等しいとは?
昨晩寝ようと思ったときに、ふとどこぞのブログで無限がどうこう、という話があったな、と思い出した。
少し考えてしまったおかげで寝るのが遅くなったのだが・・・
というわけで、少し考えてみる。
有限の大きさ
1個のお菓子が入った袋と2個のお菓子が入った袋がある。
どちらの方が量が多い?
いや、別にとんちとかそういったものではないので、当然後者の方が多い。
これは別に必死に何か説明しなくてもいいと思う。
説明するとしたら高等な数学か哲学か心理学か・・・多分その辺りが必要になると思うし、自分には多分そこまではできない。

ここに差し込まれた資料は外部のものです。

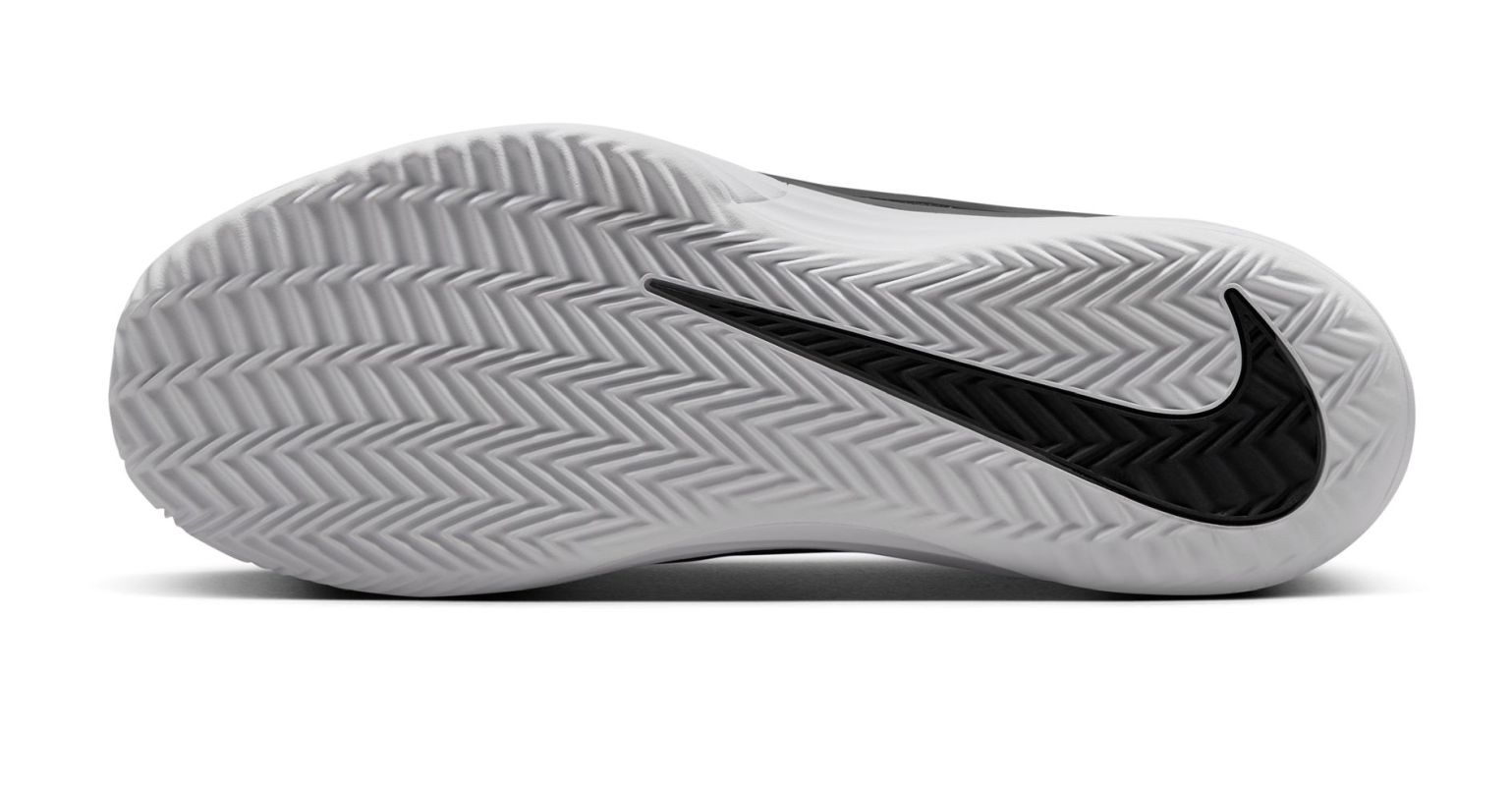 AURORA_HQ6027-001_PHSRH000-2000-6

今度は数字付きのお菓子があったとして、方や1と書かれたお菓子だけ、方や1と書かれたお菓子と2と書かれたお菓子。
当然後者の方が多い。
特に、後者は全社の中にある1と書かれたお菓子を持っているので、後者は前者を含む。
逆は成り立たないので、真に含むと言える。
じゃあ話を少し進めて、方や奇数の書かれたお菓子を一つだけ入れた袋を集めたもの、方や奇数とその次の偶数(3なら4、15なら16と言った感じ)のお菓子を一つずつ入れた袋を集めたものを考える。
それぞれの集まりには同じ数字がないと仮定すると、後者の方が多い・・・のはまあ当たり前。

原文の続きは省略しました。